(Beginning of Supplied records)

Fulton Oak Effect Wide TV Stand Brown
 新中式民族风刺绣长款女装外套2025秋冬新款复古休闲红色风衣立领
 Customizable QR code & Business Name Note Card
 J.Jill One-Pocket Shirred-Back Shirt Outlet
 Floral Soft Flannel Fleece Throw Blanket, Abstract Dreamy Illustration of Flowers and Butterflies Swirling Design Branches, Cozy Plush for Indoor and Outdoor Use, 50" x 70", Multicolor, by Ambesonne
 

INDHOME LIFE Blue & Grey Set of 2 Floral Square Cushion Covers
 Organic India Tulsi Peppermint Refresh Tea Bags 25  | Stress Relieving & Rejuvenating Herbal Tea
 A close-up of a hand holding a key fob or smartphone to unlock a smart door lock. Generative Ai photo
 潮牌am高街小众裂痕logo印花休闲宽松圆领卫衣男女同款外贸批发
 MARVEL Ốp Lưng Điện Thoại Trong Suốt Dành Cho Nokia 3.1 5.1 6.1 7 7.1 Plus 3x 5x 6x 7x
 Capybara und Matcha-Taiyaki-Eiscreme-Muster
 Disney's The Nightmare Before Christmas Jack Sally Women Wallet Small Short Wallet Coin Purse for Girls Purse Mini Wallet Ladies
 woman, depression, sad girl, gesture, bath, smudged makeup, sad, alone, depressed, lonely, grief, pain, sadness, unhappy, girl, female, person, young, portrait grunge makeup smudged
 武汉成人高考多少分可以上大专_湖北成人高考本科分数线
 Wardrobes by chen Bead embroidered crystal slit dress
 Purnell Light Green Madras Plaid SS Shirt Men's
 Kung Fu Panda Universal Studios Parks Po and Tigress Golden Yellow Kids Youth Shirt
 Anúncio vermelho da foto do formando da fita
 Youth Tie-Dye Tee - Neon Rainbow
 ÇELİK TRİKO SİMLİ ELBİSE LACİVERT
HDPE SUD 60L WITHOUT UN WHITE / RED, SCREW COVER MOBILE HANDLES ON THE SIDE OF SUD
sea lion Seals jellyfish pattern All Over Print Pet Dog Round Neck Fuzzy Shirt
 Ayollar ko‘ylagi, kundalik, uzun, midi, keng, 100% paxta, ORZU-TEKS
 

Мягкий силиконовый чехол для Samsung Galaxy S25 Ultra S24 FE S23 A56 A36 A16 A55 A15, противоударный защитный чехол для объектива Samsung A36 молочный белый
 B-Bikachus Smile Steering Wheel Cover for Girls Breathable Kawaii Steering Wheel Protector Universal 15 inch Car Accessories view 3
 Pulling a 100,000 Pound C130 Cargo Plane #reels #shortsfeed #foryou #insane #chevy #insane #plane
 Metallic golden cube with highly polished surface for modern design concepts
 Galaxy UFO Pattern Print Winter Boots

(End of Supplied records)

◆ Task goal
Taking the entries above, please repeat each one exactly.

◆ Response to the exercise
Fulton Oak Effect Wide TV Stand Brown
 新中式民族风刺绣长款女装外套2025秋冬新款复古休闲红色风衣立领
 Customizable QR code & Business Name Note Card
 J.Jill One-Pocket Shirred-Back Shirt Outlet
 Floral Soft Flannel Fleece Throw Blanket, Abstract Dreamy Illustration of Flowers and Butterflies Swirling Design Branches, Cozy Plush for Indoor and Outdoor Use, 50" x 70", Multicolor, by Ambesonne
 

INDHOME LIFE Blue & Grey Set of 2 Floral Square Cushion Covers
 Organic India Tulsi Peppermint Refresh Tea Bags 25  | Stress Relieving & Rejuvenating Herbal Tea
 A close-up of a hand holding a key fob or smartphone to unlock a smart door lock. Generative Ai photo
 潮牌am高街小众裂痕logo印花休闲宽松圆领卫衣男女同款外贸批发
 MARVEL Ốp Lưng Điện Thoại Trong Suốt Dành Cho Nokia 3.1 5.1 6.1 7 7.1 Plus 3x 5x 6x 7x
 Capybara und Matcha-Taiyaki-Eiscreme-Muster
 Disney's The Nightmare Before Christmas Jack Sally Women Wallet Small Short Wallet Coin Purse for Girls Purse Mini Wallet Ladies
 woman, depression, sad girl, gesture, bath, smudged makeup, sad, alone, depressed, lonely, grief, pain, sadness, unhappy, girl, female, person, young, portrait grunge makeup smudged
 武汉成人高考多少分可以上大专_湖北成人高考本科分数线
 Wardrobes by chen Bead embroidered crystal slit dress
 Purnell Light Green Madras Plaid SS Shirt Men's
 Kung Fu Panda Universal Studios Parks Po and Tigress Golden Yellow Kids Youth Shirt
 Anúncio vermelho da foto do formando da fita
 Youth Tie-Dye Tee - Neon Rainbow
 ÇELİK TRİKO SİMLİ ELBİSE LACİVERT
HDPE SUD 60L WITHOUT UN WHITE / RED, SCREW COVER MOBILE HANDLES ON THE SIDE OF SUD
sea lion Seals jellyfish pattern All Over Print Pet Dog Round Neck Fuzzy Shirt
 Ayollar ko‘ylagi, kundalik, uzun, midi, keng, 100% paxta, ORZU-TEKS
 

Мягкий силиконовый чехол для Samsung Galaxy S25 Ultra S24 FE S23 A56 A36 A16 A55 A15, противоударный защитный чехол для объектива Samsung A36 молочный белый
 B-Bikachus Smile Steering Wheel Cover for Girls Breathable Kawaii Steering Wheel Protector Universal 15 inch Car Accessories view 3
 Pulling a 100,000 Pound C130 Cargo Plane #reels #shortsfeed #foryou #insane #chevy #insane #plane
 Metallic golden cube with highly polished surface for modern design concepts
 Galaxy UFO Pattern Print Winter Boots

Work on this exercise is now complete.